With the inauguration of Franklin D. Roosevelt as President, the United States became one of the nations in which a shift from legislative to executive government has occurred. On March 4, 1933, the national life was at a standstill. Roosevelt took over. But the American transition from par-liamentarianism to executive action differed from the transition in other countries in that no sharp break was made with the past. In his inaugural address Mr. Roosevelt said:
It is to be hoped that the normal balance of executive and legislative authority may be wholly adequate to meet the unprecedented task before us. But it may be that an unprecedented demand and need for undelayed action may call for temporary departure from that normal balance of public procedure.
I am prepared under my constitutional duty to recommend the measures that a stricken nation in the midst of a stricken world may require. These measures, or such other measures as the Congress may build out of its experience and wisdom, I shall seek, with my constitutional authority, to bring to speedy adoption.
But in the event that the Congress shall fail to take one of these two courses, and in the event that the national emergency is still critical, I shall not evade the clear course of duty that will then confront me. I shall ask the Congress for the one remaining instrument to meet the crisis—broad Executive power to wage a war against the emergency, as great as the power that would be given to me if we were in fact invaded by a foreign foe. . . .
We do not distrust the future of essential democracy. The people of the United States have not failed. In their need they have registered a mandate that they want direct, vigorous action. They have asked for discipline and direction under leadership. They have made me the present instrument of their wishes. . . .
Roosevelt was obviously not aiming at a dictatorship. The ideology of the New Deal was democratic. Far from taking over with a view to militant aggrandizement on behalf of a class or a, race, the President took over on behalf of the Forgotten Man. His intention was to build within the existing system. At the same time, he had no illusions about the extent of reconstruction necessary, or about the degree of discipline required.

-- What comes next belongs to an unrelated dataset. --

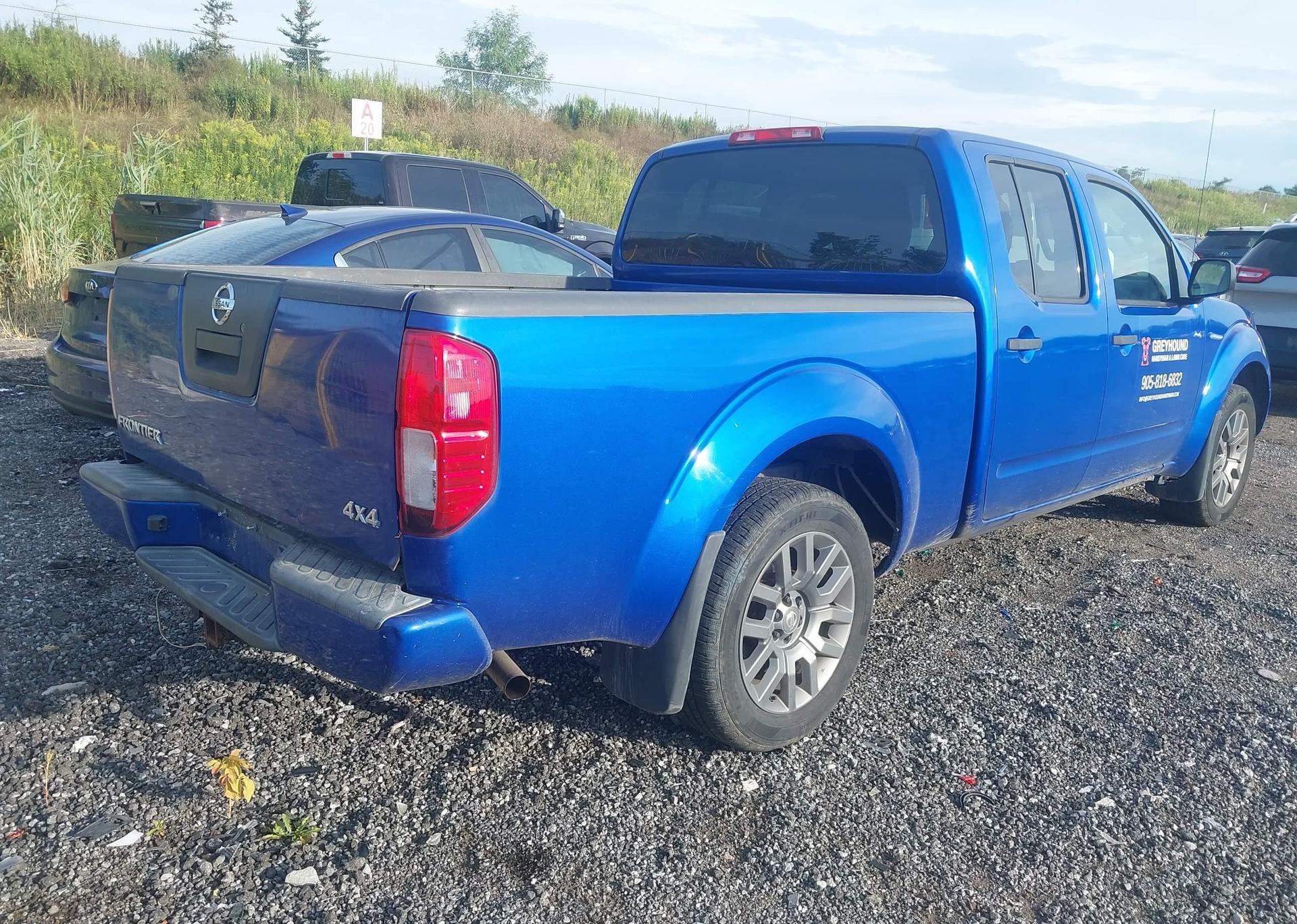 2012 NISSAN FRONTIER SL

Roosevelt came into office as the candidate of a party in the old-fashioned democratic sense of the word, Yet the popular mandate which had been given him was to do a job such as has been accomplished elsewhere only by means of a militant Party in the sense infused into the word by dictatorships. His initial problem, of how a popularly elected President could do the work of a dictator, has been simplified by the wide grants of executive power which Congress conferred on him during his first weeks of office and has since shown no tendency to take back. But the executive branch of government includes much more than the President. Unless Mr. Roosevelt can forge an executive instrument equal to current demands upon it, a break with the parliamentary past is assured. The crucial requirement of his present situation is consequently the transformation of a party into a Party while remaining within the democratic frame of government, the creation of a body of administrators free from the obstructive and parochial self-interest of the democratic parties, on the one hand, and from the ruthless intolerance of the Fascist and Communist Parties on the other; constructively capable of meeting a national crisis with a national policy, yet imbued with a respect for the personality of the human beings whom the crisis concerns.
The record of Roosevelt’s first year is, in respect to this transformation, a record of both progress and capitulations. One section of the instrument by means of which the President is governing exhibits all the novelties of a Party. The terse brevity of the Chicago platform augured action, though no one suspected that fourteen weeks after Mr. Roosevelt took office practically every concrete proposal of the platform would have been carried into law. A further innovation was the Brains Trust, whose preparatory examination of national problems on a national scale made the legislative record of those first weeks possible. The announcement of the names of the Cabinet showed that new principles of selection were at work in the administrative set-up.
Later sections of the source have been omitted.